'This is what MLK would be doing': Protest on national holiday in Minneapolis, St. Paul
MINNEAPOLIS -- Two groups of protesters conducted a brief and peaceful takeover of the Marshall Avenue-Lake Street bridge on a frigid Martin Luther King Jr. Day afternoon.
MINNEAPOLIS - Two groups of protesters conducted a brief and peaceful takeover of the Marshall Avenue-Lake Street bridge on a frigid Martin Luther King Jr. Day afternoon.
It was about 1 degree above zero Fahrenheit as protesters marched onto the bridge from St. Paul and Minneapolis shortly after 3:30 p.m. The St. Paul protesters carried signs demanding justice for Marcus Golden, who was shot and killed a year ago by St. Paul police. The Minneapolis protesters called for justice for Jamar Clark, who died after he was shot by Minneapolis police in November.
“This is a tale of two cities,” said Monique Cullars-Doty, an aunt of Marcus Golden.
“This is not a pretty tale. This is an ugly tale.”
Cullars-Doty and Golden’s mother, Ericka Cullars-Golden, both called for a new investigation of the incident that ended in Marcus Golden’s death. The women said the St. Paul Police Department’s version of events changed between first reports of the Jan. 14, 2015, incident and May, when a grand jury determined two St. Paul officers were justified in shooting at Golden after concluding he drove at one of them with his SUV.

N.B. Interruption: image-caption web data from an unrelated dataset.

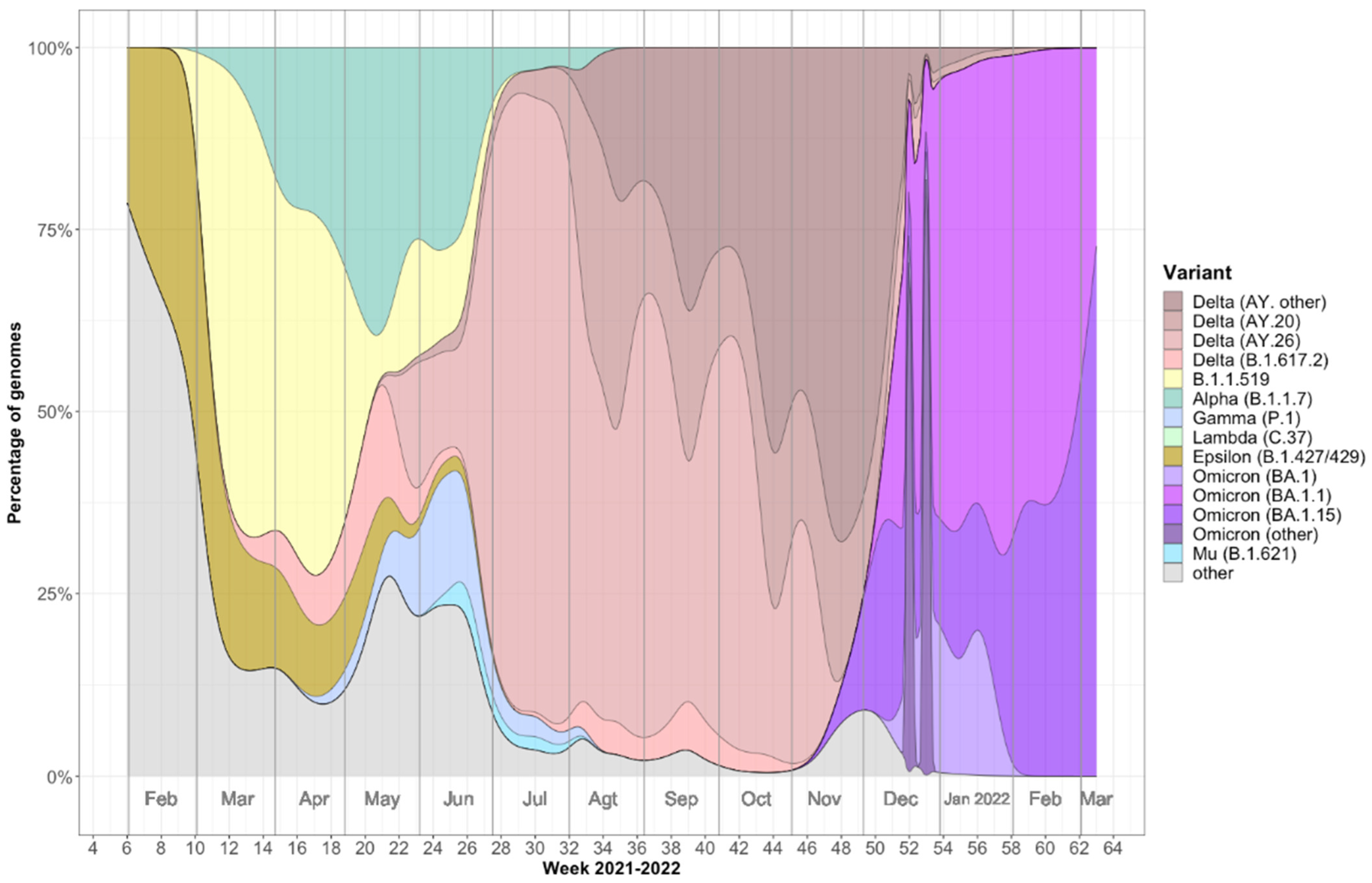 Epigenomes 06 00016 g001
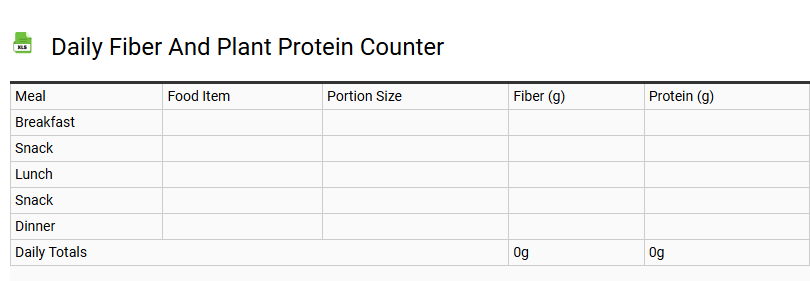 Daily Fiber and Plant Protein Counter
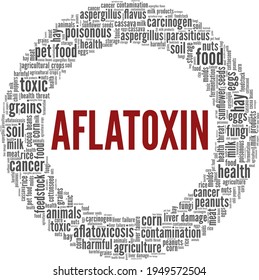 Aflatoxin vector illustration word cloud isolated on a white background.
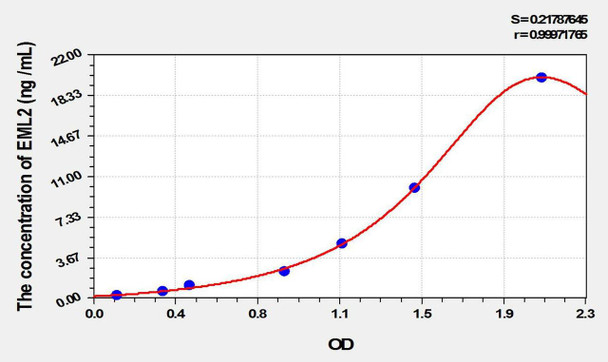 Human EML2 (Echinoderm Microtubule Associated Protein Like Protein 2) ELISA Kit (AEKE02070)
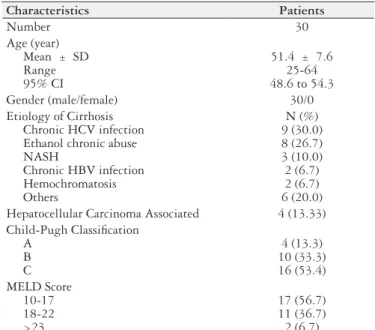 TABLE 1 . Epidemiological and clinical characteristics of the patients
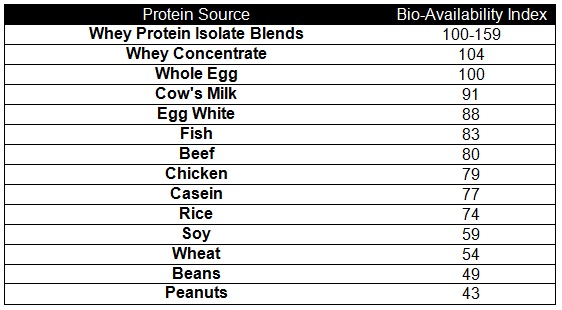 bioavailability-understanding-protein-absorption-chart.jpg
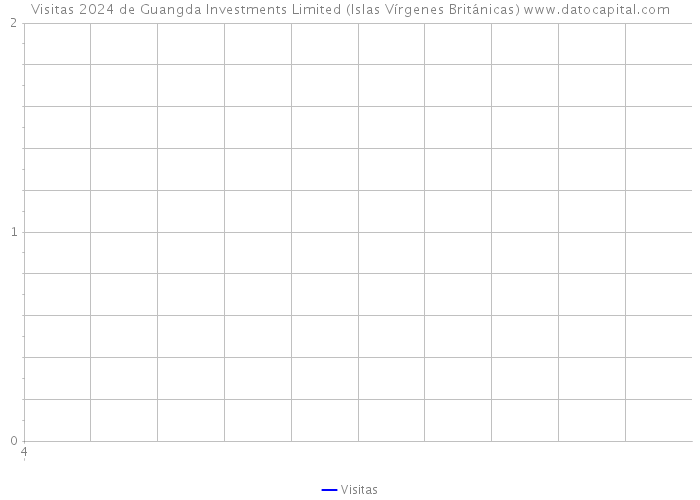 Visitas 2024 de Guangda Investments Limited (Islas Vírgenes Británicas) 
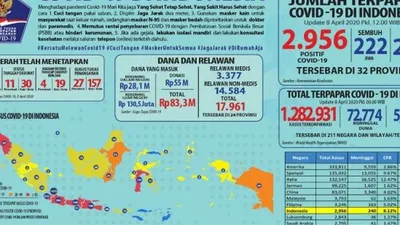 Update Virus Corona RI 8 April. (BNPB)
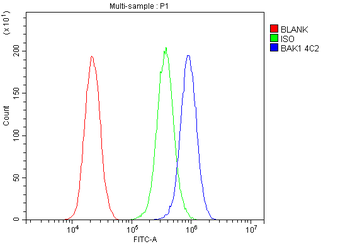 BAK/BAK1 Mouse Monoclonal Antibody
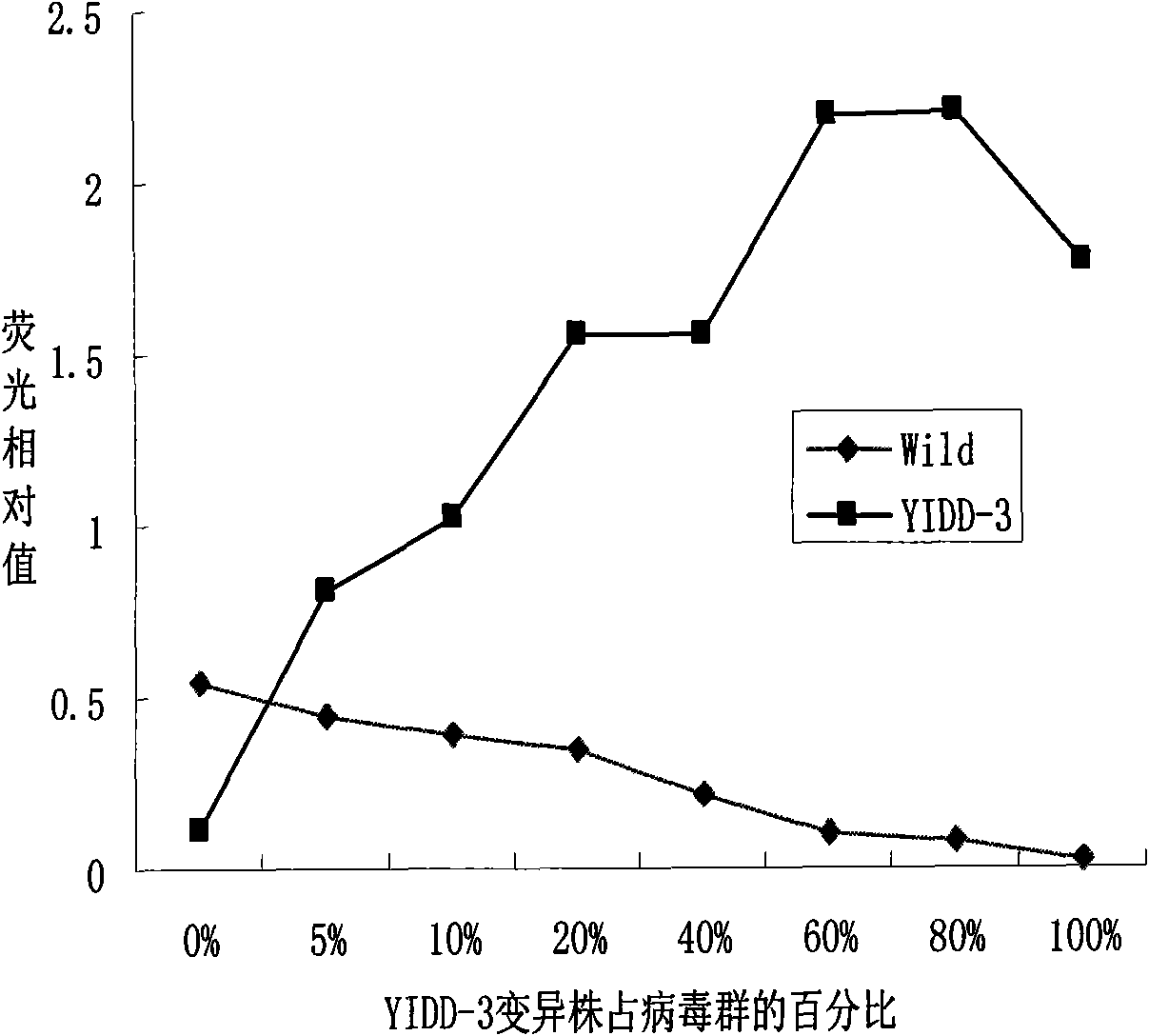 Probe for detecting lamivudine drug-resistant variant of hepatitis B virus and application method thereof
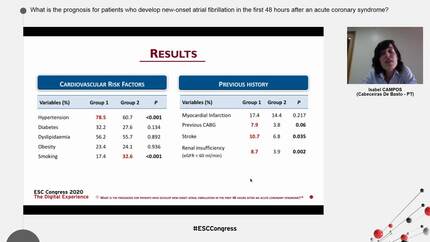 What is the prognosis for patients who develop new-onset atrial fibrillation in the first 48 hours after an acute coronary syndrome?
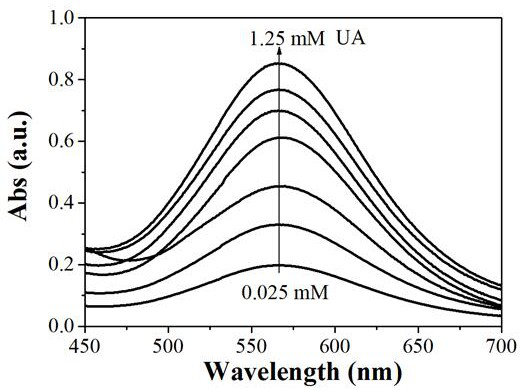 A kind of preparation method and application of uricase mimic enzyme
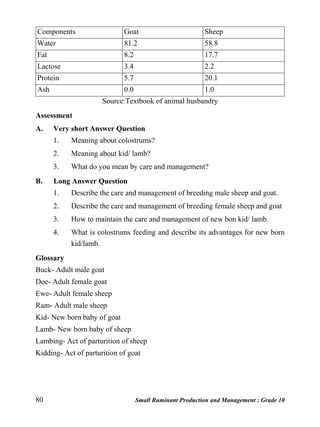 80 Small Ruminant Production and Management : Grade 10
Components Goat Sheep
Water 81.2 58.8
Fat 8.2 17.7
Lactose 3.4 2.2
Protein 5.7 20.1
Ash 0.0 1.0
Source:Textbook of animal husbandry
Assessment
A. Very short Answer Question
1. Meaning about colostrums?
2. Meaning about kid/ lamb?
3. What do you mean by care and management?
B. Long Answer Question
1. Describe the care and management of breeding male sheep and goat.
2. Describe the care and management of breeding female sheep and goat
3. How to maintain the care and management of new bon kid/ lamb.
4. What is colostrums feeding and describe its advantages for new born
kid/lamb.
Glossary
Buck- Adult male goat
Doe- Adult female goat
Ewe- Adult female sheep
Ram- Adult male sheep
Kid- New born baby of goat
Lamb- New born baby of sheep
Lambing- Act of parturition of sheep
Kidding- Act of parturition of goat
 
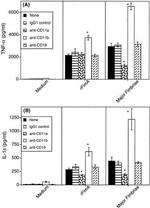 CD11a Antibody in Radioimmune assays (RIA)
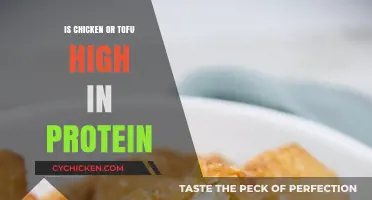 Chicken vs. Tofu: Which Protein Source Packs More Punch?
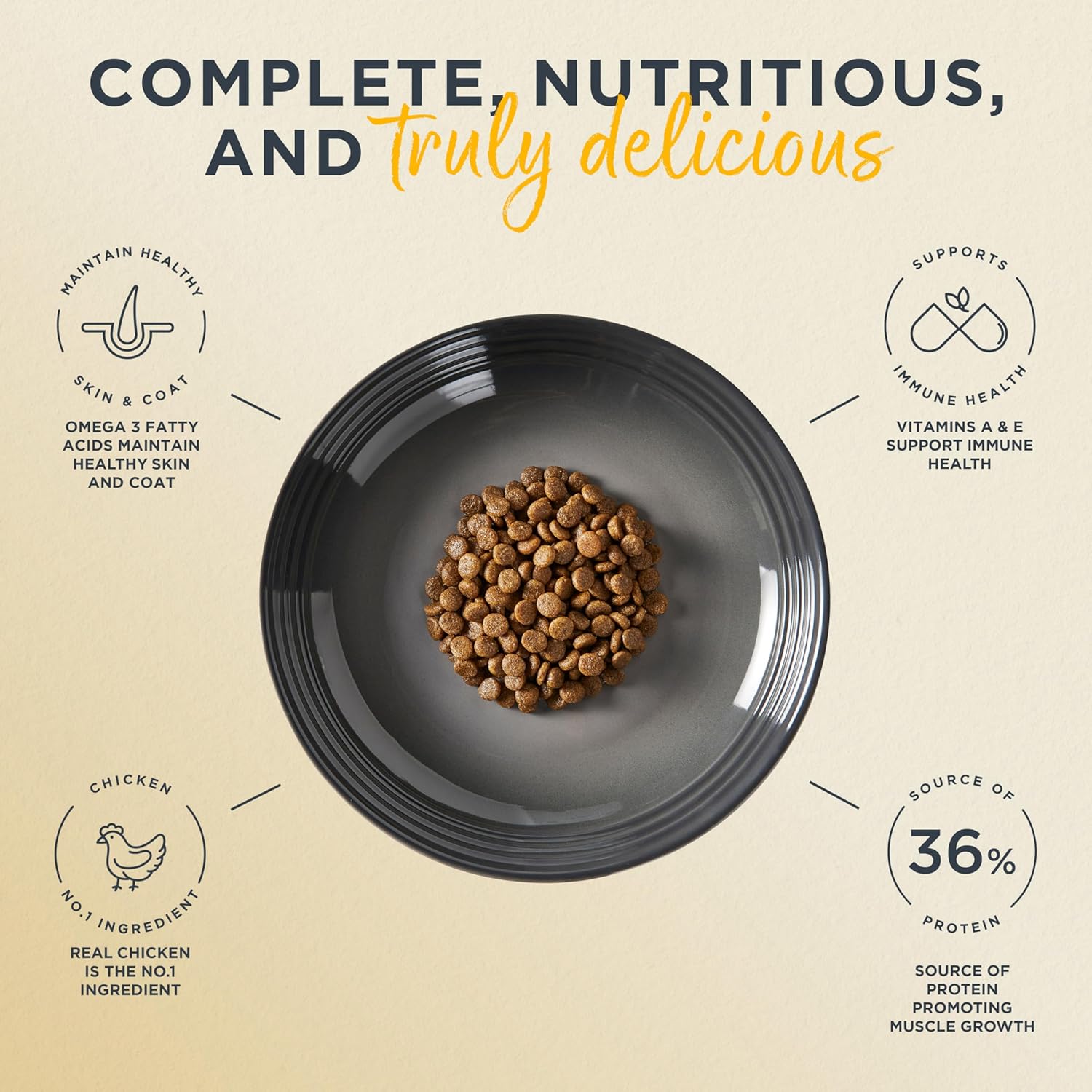 Reveal high protein grain free chicken cat food ingredients graphic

“We need to get this cleared up,” Cullars-Golden said. “I know things didn’t happen the way they’re saying.”
The Minneapolis group demanded again that Hennepin County not convene a grand jury to determine whether the killing of Clark was justified. The protesters, many of whom took part in the occupation of the Minneapolis Police Department’s 4th Precinct station after Clark’s shooting, say they don’t trust the grand jury process and want a special prosecutor appointed instead.
Police on both sides of the Mississippi River blocked traffic and let the protesters occupy the bridge without incident. Spokespeople for the two groups stated their demands and led chants for about 30 minutes, then marched back to their own cities.
“Somebody needs to hear our voice, and I guess we need to keep shutting things down until they do,” said one of the Minneapolis protest leaders. “This is what MLK would be doing even if it was cold.”